%%

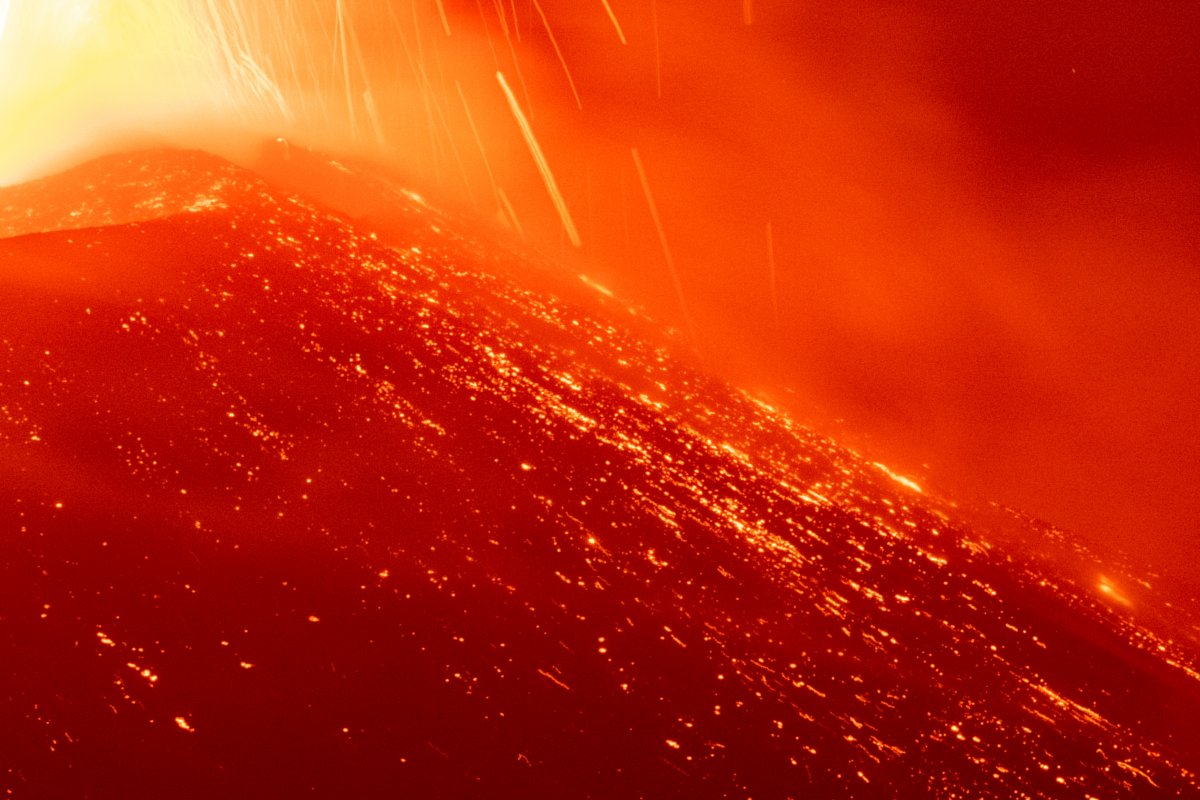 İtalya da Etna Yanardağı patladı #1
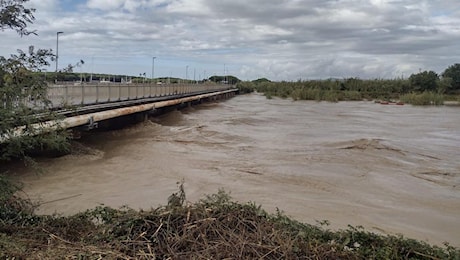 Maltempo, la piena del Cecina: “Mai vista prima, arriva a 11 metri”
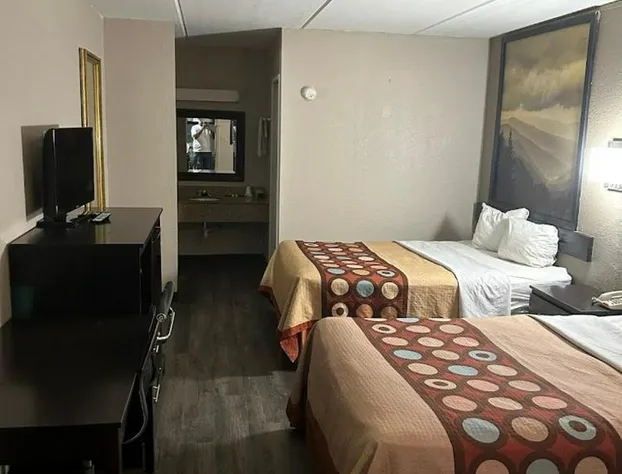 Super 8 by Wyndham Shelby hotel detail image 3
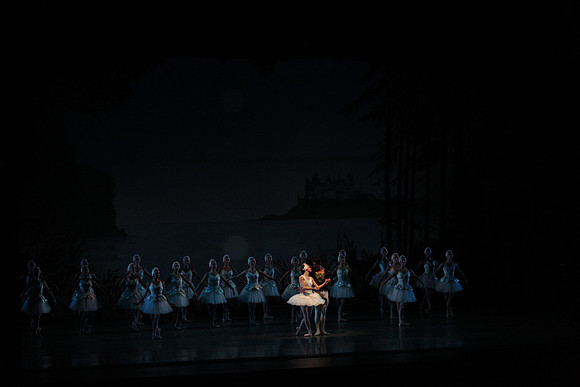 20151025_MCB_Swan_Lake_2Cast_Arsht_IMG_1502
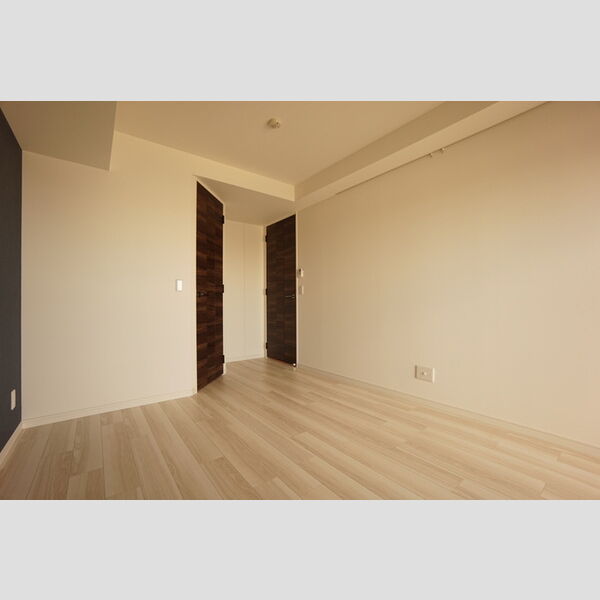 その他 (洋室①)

%%
%%

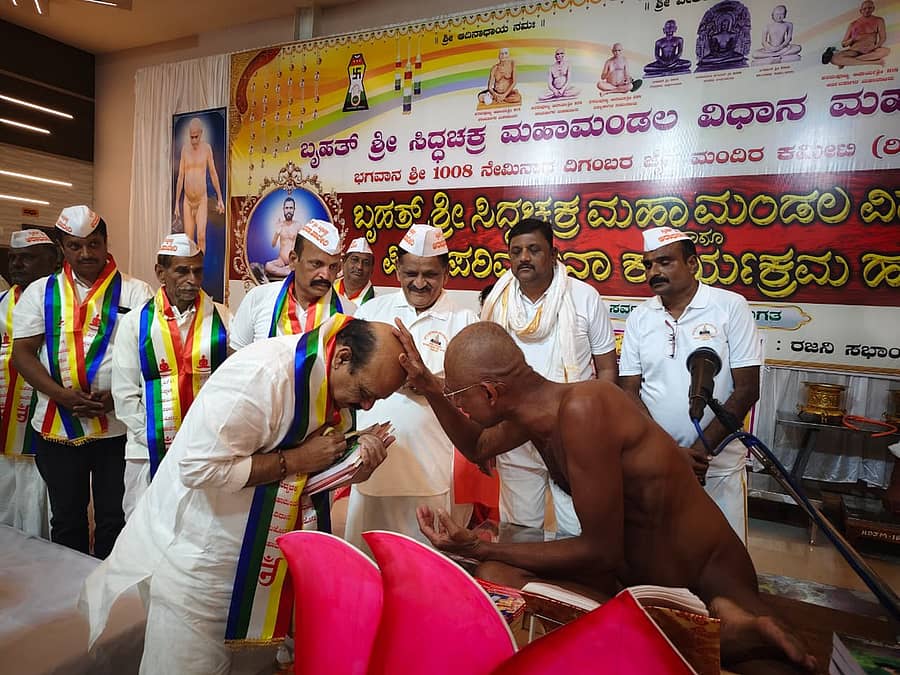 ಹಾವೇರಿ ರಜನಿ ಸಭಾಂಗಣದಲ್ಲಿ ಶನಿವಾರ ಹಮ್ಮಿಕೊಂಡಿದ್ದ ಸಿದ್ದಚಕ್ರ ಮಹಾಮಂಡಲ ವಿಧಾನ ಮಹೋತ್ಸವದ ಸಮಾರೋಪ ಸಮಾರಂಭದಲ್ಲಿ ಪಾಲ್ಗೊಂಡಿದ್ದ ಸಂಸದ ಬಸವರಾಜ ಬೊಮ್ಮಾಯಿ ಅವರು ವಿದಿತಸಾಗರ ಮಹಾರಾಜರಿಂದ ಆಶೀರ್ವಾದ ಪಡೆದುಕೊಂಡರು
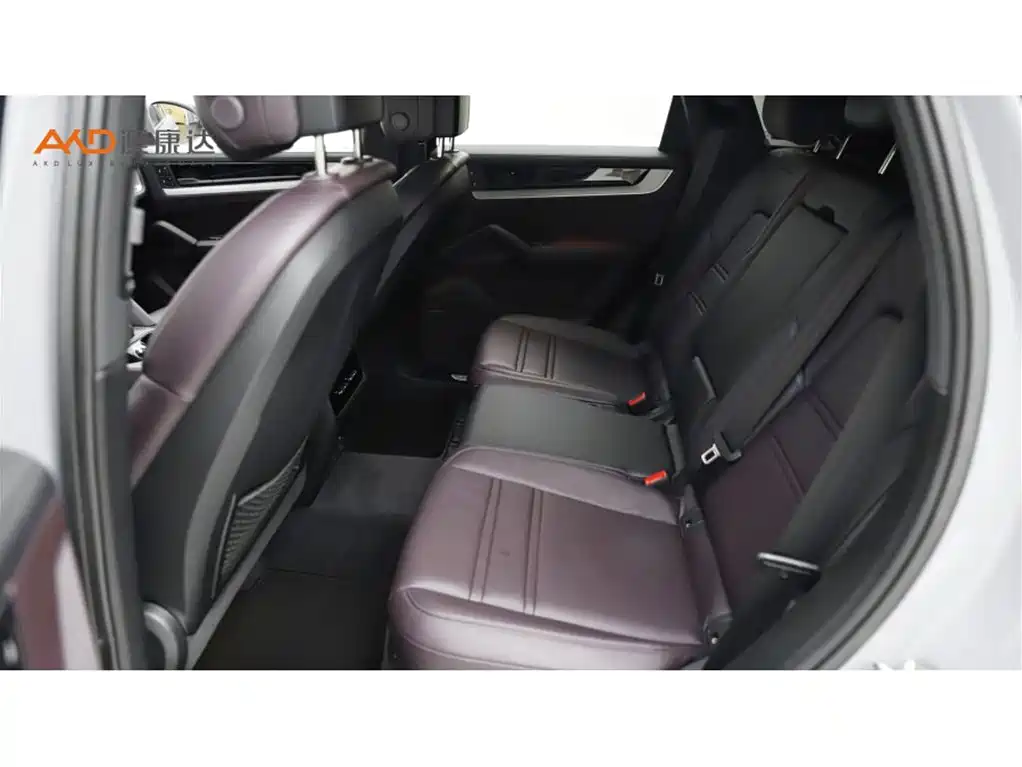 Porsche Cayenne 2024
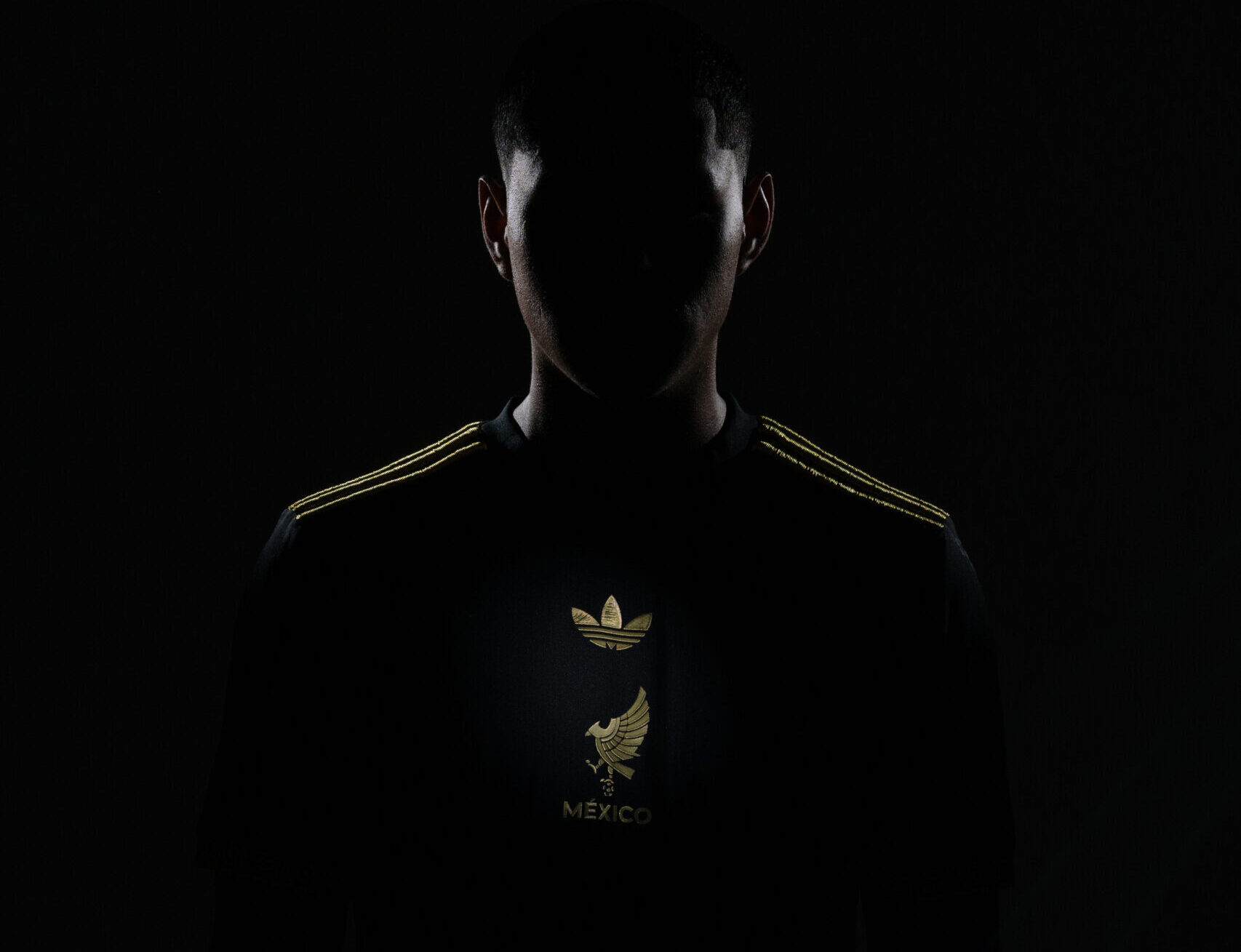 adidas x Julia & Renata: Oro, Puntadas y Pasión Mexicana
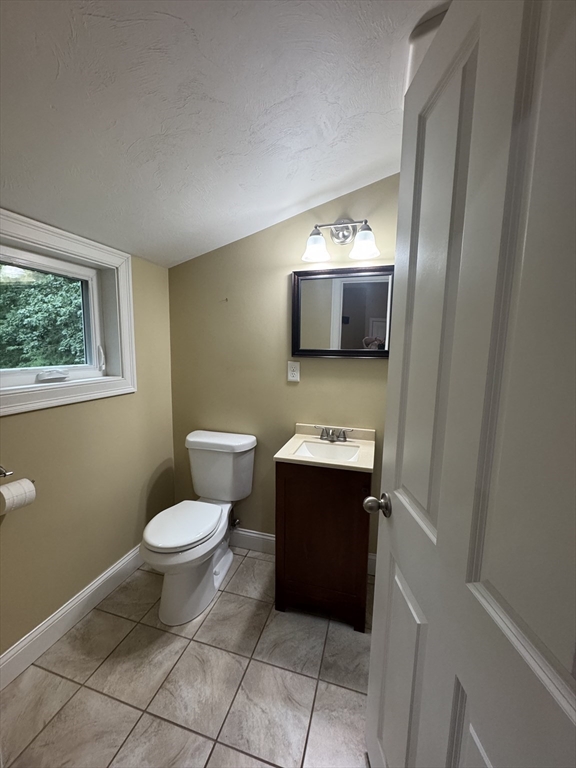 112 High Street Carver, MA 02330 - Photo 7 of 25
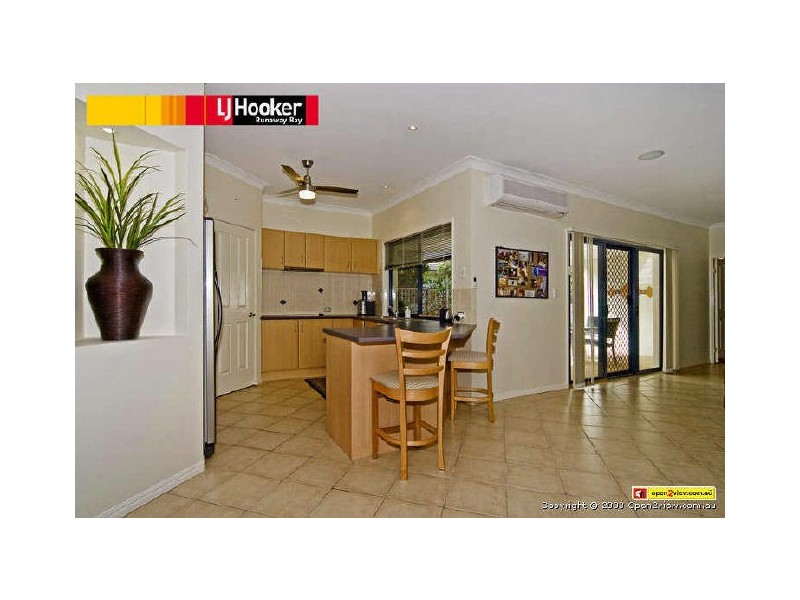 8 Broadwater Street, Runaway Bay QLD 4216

%%

**What to do:** Reproduce the data above exactly, but only from the line containing "Porsche Cayenne 2024" through the line containing "8 Broadwater Street, Runaway Bay QLD 4216". Omit all pictures.

**Answer to the problem:**
 Porsche Cayenne 2024
 adidas x Julia & Renata: Oro, Puntadas y Pasión Mexicana
 112 High Street Carver, MA 02330 - Photo 7 of 25
 8 Broadwater Street, Runaway Bay QLD 4216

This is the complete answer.